The victims of Nazi brutality have had to wait nearly 60 years for recognition of their suffering, said Brunson McKinley, Director-General of IOM.

"Although the payment is in one sense largely symbolic, it has made a difference for many elderly and in some cases very needy people," he said.

Only now has the issue been resolved.

"I think this is probably the last claims and compensation effort that we will have to work on as a result of World War II," he added.

Each victim of slave labor has received nearly 7,700 euros ($9,333). The sum is not huge, but has been a lifeline to many people who barely have enough money to survive.

Freeing up the funds

Bildgalerie Holocaust Gedenkstätte Konzentrationslager Dachau, Lagertor mit Inschrift: Arbeit macht frei
Image: AP

Funds for the German Foundation "Remembrance, Responsibility and Future" were provided in equal parts by German industry and the German government. More than 1.6 million people in over 100 countries so far have received payments of over four billion euros. As a partner, IOM has already compensated more than 15,000 people for property loss under the Nazi regime.
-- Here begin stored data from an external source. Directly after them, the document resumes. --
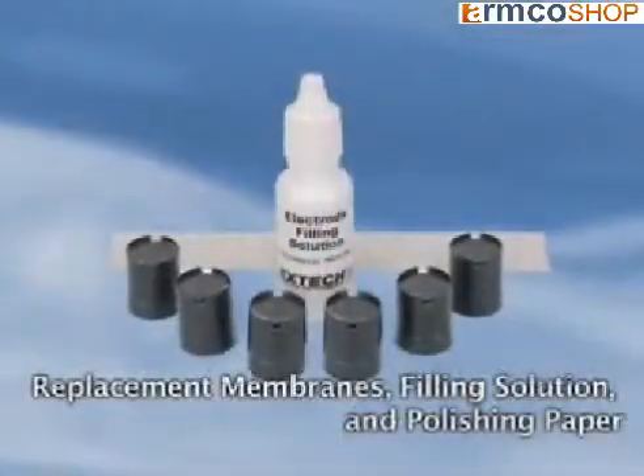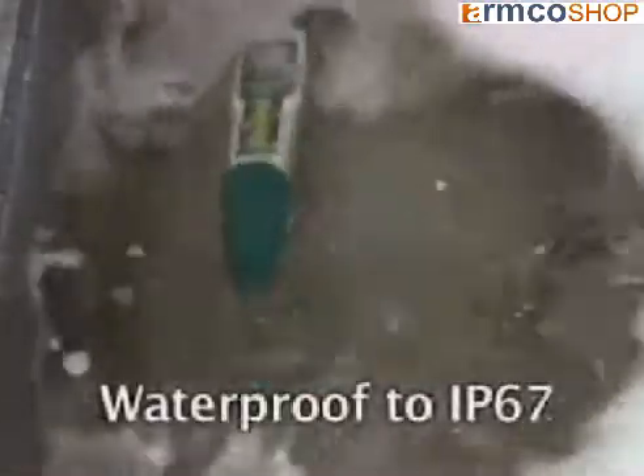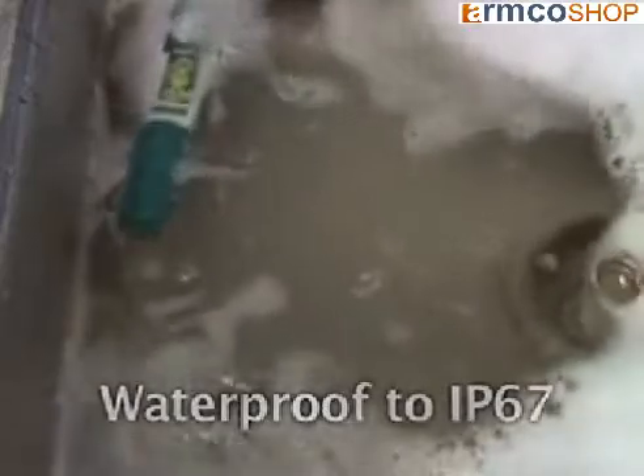Replacement membrane kits are available. The meter is designed to be waterproof, meeting the standard of IP67. This assures safe and accurate measurements, even in extremely wet sampling conditions. And it floats.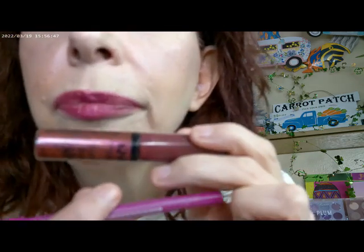For lips I used a Color Pop Lippie Pencil on the hard line, then added some NYX Butter Gloss in 'Bling.' The ones with 'bling' in the title actually have glitter in them, so they're really cute. I also used the L'Oreal True Match Concealer in shade LM1.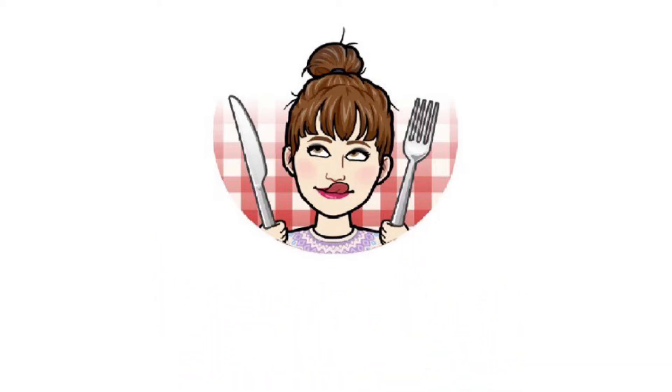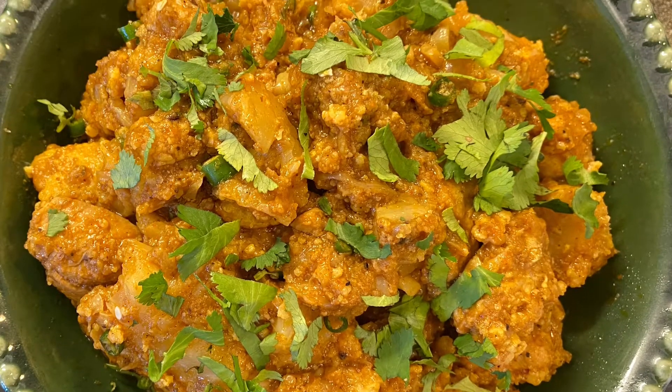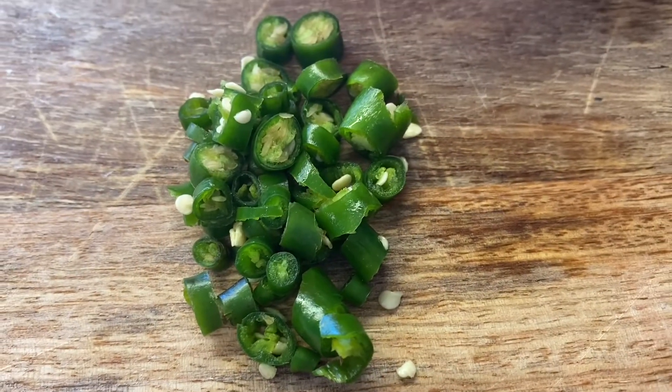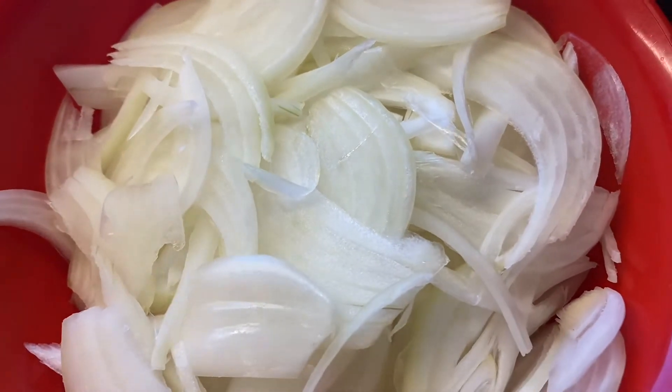Hello and welcome to Beginners Plate. Today I'm gonna share my recipe for cauliflower and chicken, also known as gobi gosht. So let's get started. I have chopped three green chillies and I have chopped two medium sized onions.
Gunter Saathoff, Director of Payments for the Foundation, said IOM is only one of seven partners responsible for making payments to victims of Nazi oppression. These include Jews, gypsies, homosexuals, forced laborers and victims of medical experiments. According to him, 98 percent of all the money has been paid out and whatever funds remain when the program ends in September 2006 must be returned to the German Foundation.

"If there is money over from our payment programs, our board has made a decision that this should be used for special programs for the victims, especially medical care programs," Saathoff said.

A chapter that will never be closed

The chairman of the German Foundation, Hans-Otto Brautigam, said these compensation payments are a recognition by both the German government and its people of the immense suffering and injustice inflicted on the victims of the Nazi regime. He acknowledged that this recognition is long overdue, but hoped it is not too late.

"In a political and in a moral sense, this chapter will never be closed," he said. "What is at stake here -- and this is the responsibility of our generation and future generations -- is to keep these very tragic events, these human rights violations firmly in the national memory."

Auschwitz Holocaust Gedenktag
Pasa Balter, fourth from left, stands among a group of children wearing concentration camp uniforms behind barbed wire fencing as they were liberated from the Nazi concentration camp at Auschwitz, Poland, by Russian soldiers in 1945. Balter, who is now known as Paula Lebovics, is 61 and living in Encino, Calif., a survivor who bears the heartbreak of having lost most of her family. Germany on Sunday, Jan. 27, 2002, observes the country's Holocaust memorial day in memory of victims of the Nazis, which was declared a special day of reflection by President Roman Herzog in 1996. (AP Photo/ho)Image: AP

Brautigam stressed that future generations have to know what happened in their history and why. He said he believes the German people have a responsibility to see to it that the sort of atrocities perpetrated by the Nazis under Adolf Hitler are never repeated.